Work order>
Only the lines in the entries below from the line with "Halston women's cologne" to the line with "[LINE絵文字] facial expression emojiiの画像", both included, belong in the answer, transcribed exactly and without pictures.

Data for review>
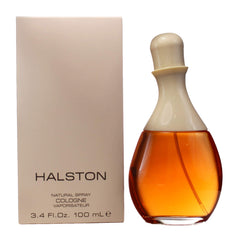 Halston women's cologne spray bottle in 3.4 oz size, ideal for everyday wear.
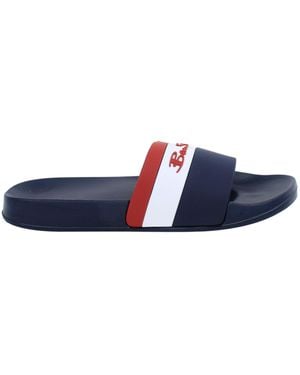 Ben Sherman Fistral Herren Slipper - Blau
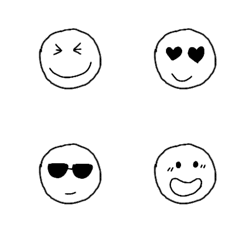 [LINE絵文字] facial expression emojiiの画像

==

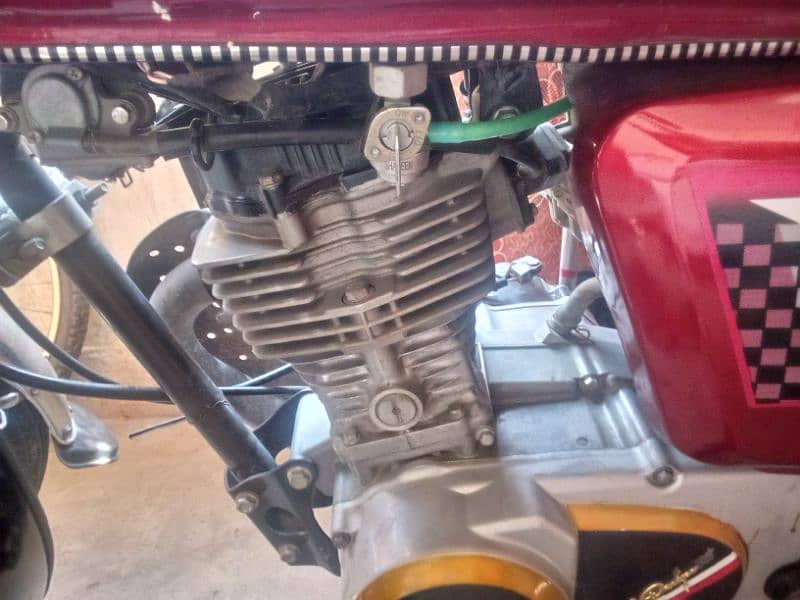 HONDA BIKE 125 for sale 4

Written answer>
 Halston women's cologne spray bottle in 3.4 oz size, ideal for everyday wear.
 Ben Sherman Fistral Herren Slipper - Blau
 [LINE絵文字] facial expression emojiiの画像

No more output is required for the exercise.